As an exercise, let me ask a few questions to see if your organization has a functioning marketing database for CRM purposes:

  • What is the average order size per year for customers with tenure of more than one year? —You may have all the transaction data, but maybe not on an individual level in order to know the average.
  • What is the number of active and dormant customers based on the last transaction date? —You will be surprised to find out that many companies do not know exactly how many customers they really have. Beep! 1 million-“ish” is not a good answer.
  • What is the average number of days between activities for each channel for each customer? —With basic transaction data summarized “properly,” this is not a difficult question to answer. But it’s very difficult if there are divisional “channel-centric” databases scattered all over.
  • What is the average number of touches through all channels that you employ before your customer reaches the projected value potential? —This is a hard one. Without all the transaction and contact history by all channels in a “closed-loop” structure, one cannot even begin to formulate an answer for this one. And the “value potential” is a result of statistical modeling, is it not?
  • What are typical gateway products, and how are they correlated to other product purchases? —This may sound like a product question, but without knowing each customer’s purchase history lined up properly with fully standardized product categories, it may take a while to figure this one out.
  • Are basic RFM data—such as dollars, transactions, dates and intervals—routinely being used in predictive models? —The answer is a firm “no,” if the statisticians are spending the majority of their time fixing the data; and “not even close,” if you are still just using RFM data for rudimentary filtering.

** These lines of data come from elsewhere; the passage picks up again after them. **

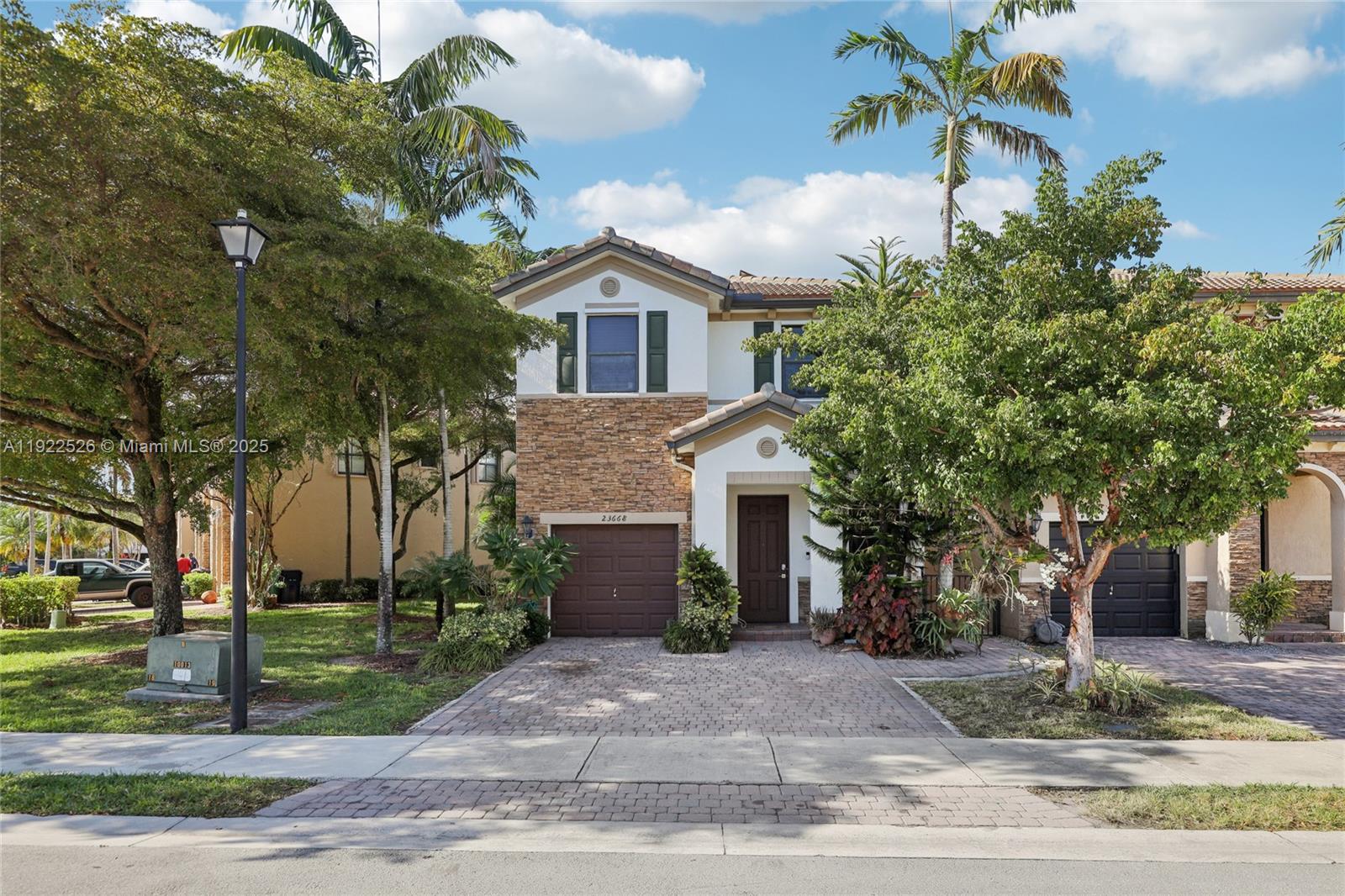 This spacious 5-bedroom, 3-bath corner townhouse in Homestead’s Silver Palm community offers two stories of well-designed living with comfort and convenience throughout. Built in 2013, this corner unit includes one full bedroom and full bath on the first floor, ideal for guests or flexible living needs. With 1,868 sq ft of interior space (2,207 total), the layout features a large open kitchen, generous living areas, and a private paved patio with a covered section perfect for outdoor dining or entertaining. Energy-efficient solar panels are included, along with a 1-car garage and ample guest parking nearby. The 2,571 sq ft lot is low-maintenance and well-positioned within the community. Residents enjoy a super low HOA Fee with access to premium amenities including a clubhouse, pool, clubroom, and barbecue area. Located just minutes from major highways, shopping, and schools, this home combines functionality, space, and a prime Homestead location. Call or text today to schedule your private showing.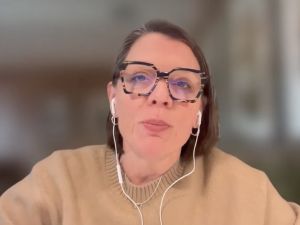 A screenshot from a CBC podcast video of a female guest sitting in an office, wearing glasses and headphones.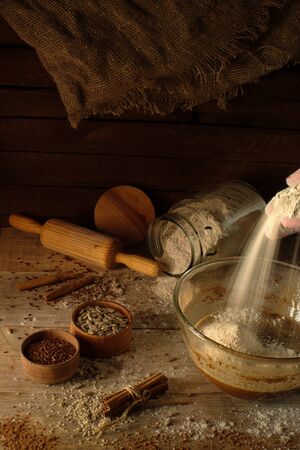 Cooking cookies with cinnamon. Mixing. The ingredients on a wooden board.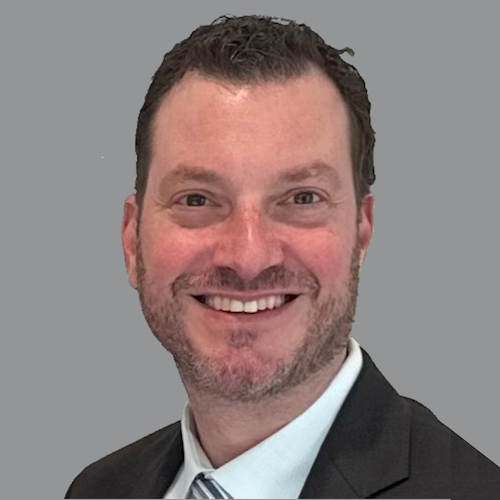 A man in a black suit jacket and shirt is looking at the camera.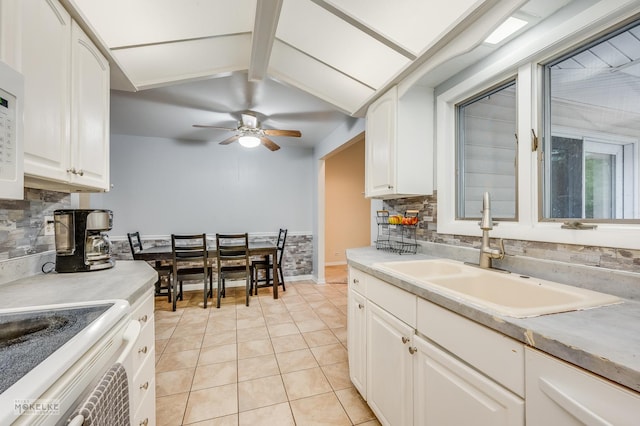 566 Ridge Ave, Elk Grove Village, IL 60007 - kitchen featuring a sink, backsplash, light tile patterned floors, and white cabinetry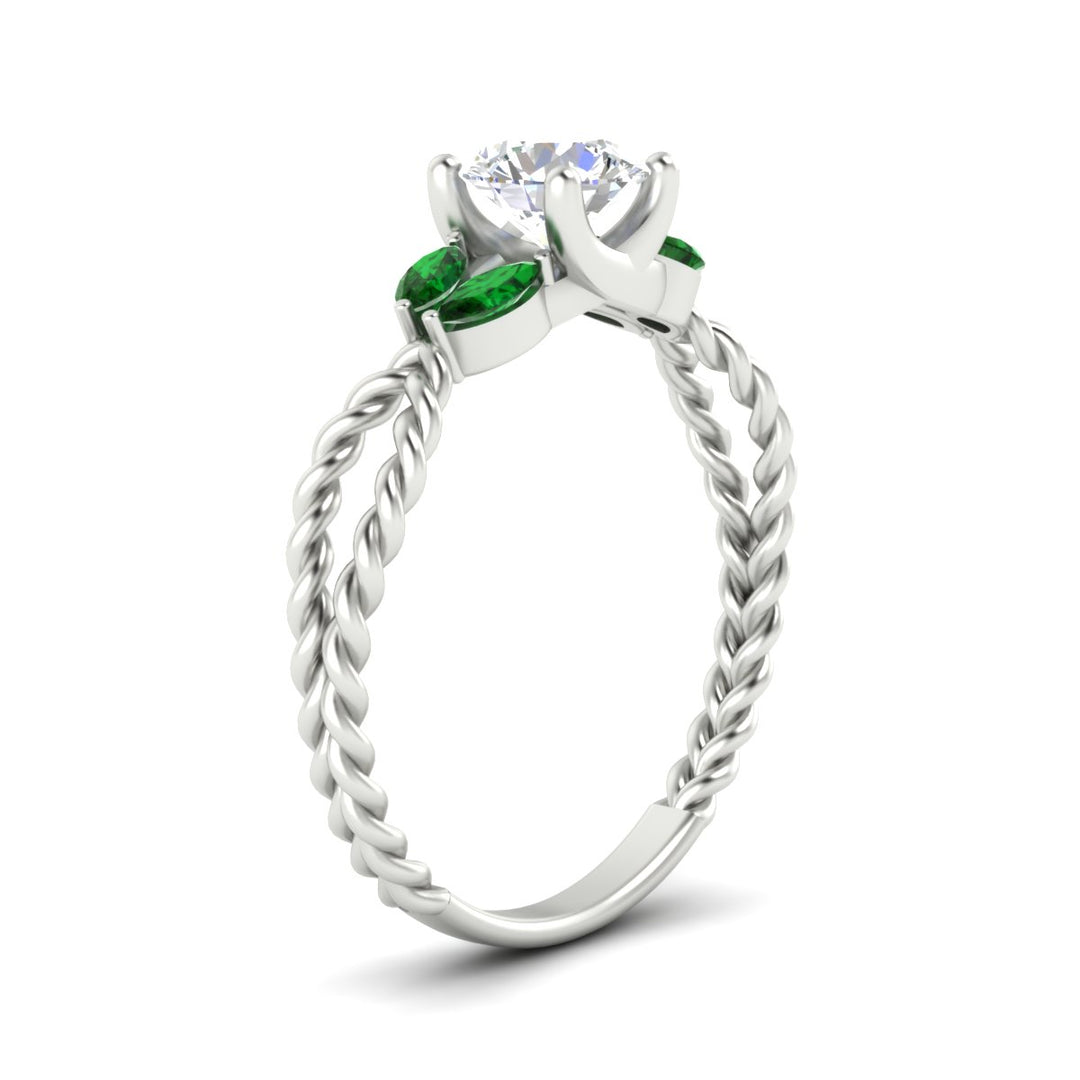 round-cut-twisted-leaf-emerald-split-engagement-ring-in-white-gold-fdenr1084gemgrangle2-nl-wg.jpg?v=1764581094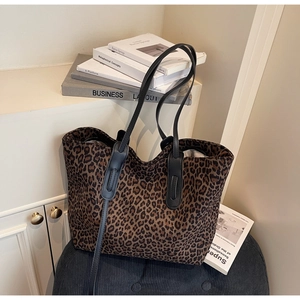 Détail du sac cabas léopard en daim avec anses en cuir sur un tabouret vintage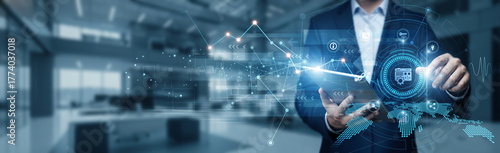 Fotografía Businessman using tab analyzing growth graph data on software development, appli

Now, if your answer is “Well, with some data summarization and inner/outer joins here and there—though we don’t have all transaction records from last year, and if we can get all the campaign histories from all seven vendors who managed our marketing campaigns, except for emails—maybe?”, then I am sorry to inform you that you do not have a marketing database. Even if you can eventually get to the answer if some programmer takes two weeks to draw a 7-page flow chart.

Often, I get extra comments like “But we have a relational database!” Or, “We stored every transaction for the past 10 years in Hadoop and we can retrieve any one of them in less than a second!” To these comments, I would say “Congratulations, your car has four wheels, right?”

To answer the important marketing questions, the database should be organized in a “buyer-centric” format. Going back to the database philosophy question, the fundamental design of the database changes based on its main purpose, much like the way a sports sedan and an SUV that share the same wheel base and engine end up shaped differently.

Marketing is about people. And, at the center of the marketing database, there have to be people. Every data element in the base should be “describing” those people.

Unfortunately, most relational databases are transaction-, channel- or product-centric, describing events and transactions—but not the people. Unstructured databases that are tuned primarily for massive storage and rapid retrieval may just have pieces of data all over the place, necessitating serious rearrangement to answer some of the most basic business questions.

So, the question still stands. Is your database marketing ready? Because if it is, you would have taken no time to answer my questions listed above and say: “Yeah, I got this. Anything else?”

Now, imagine the difference between marketers who get to the answers with a few clicks vs. the ones who have no clue where to begin, even when sitting on mounds of data. The difference between the two is not the size of the investment, but the design philosophy.

I just hope that you did not buy a sports car when you needed a truck.